Geranien können mit der Zeit lang und sparrig werden, besonders bei Lichtmangel oder bei älteren Pflanzen.
Vorgehensweise
Schneiden Sie lange, dünne Triebe um etwa ein Drittel zurück. Setzen Sie den Schnitt knapp über einem Blattknoten an.
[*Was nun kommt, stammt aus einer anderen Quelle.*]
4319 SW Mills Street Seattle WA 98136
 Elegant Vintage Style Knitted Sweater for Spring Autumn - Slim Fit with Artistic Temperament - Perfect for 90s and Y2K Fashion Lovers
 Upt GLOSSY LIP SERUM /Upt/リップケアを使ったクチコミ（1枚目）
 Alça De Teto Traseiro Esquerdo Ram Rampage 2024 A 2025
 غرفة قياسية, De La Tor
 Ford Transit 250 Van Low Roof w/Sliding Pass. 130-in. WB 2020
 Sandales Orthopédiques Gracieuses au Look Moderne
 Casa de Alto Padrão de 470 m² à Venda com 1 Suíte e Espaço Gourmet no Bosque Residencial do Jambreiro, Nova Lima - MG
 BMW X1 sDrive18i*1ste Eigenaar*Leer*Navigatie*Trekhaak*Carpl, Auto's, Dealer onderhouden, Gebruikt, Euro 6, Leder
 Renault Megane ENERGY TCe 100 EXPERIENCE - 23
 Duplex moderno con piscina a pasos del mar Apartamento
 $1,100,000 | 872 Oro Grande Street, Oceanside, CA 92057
Dadurch verzweigt sich die Pflanze stärker – und mehr Verzweigungen bedeuten mehr Blüten.
Wann schneiden?
- Im zeitigen Frühjahr vor Beginn des Wachstums
- Erneut im Hochsommer, wenn die Pflanzen müde wirken
Keine Sorge: Geranien sind erstaunlich robust und treiben schnell wieder aus.
4. Regelmäßig düngen (aber nicht übertreiben)
Geranien benötigen Nährstoffe, um viele Blüten zu bilden.
Geeigneter Dünger
- Ausgewogener Flüssigdünger (z. B. 10-10-10 oder 20-20-20)
- Alternativ Blühpflanzendünger mit höherem Phosphorgehalt (z. B. 10-20-10)
Wie oft?
Alle zwei bis drei Wochen während der Wachstumszeit von Frühling bis Frühherbst.
Wichtig
Vermeiden Sie zu viel Stickstoff. Ein hoher Stickstoffanteil fördert Blattwachstum auf Kosten der Blüten.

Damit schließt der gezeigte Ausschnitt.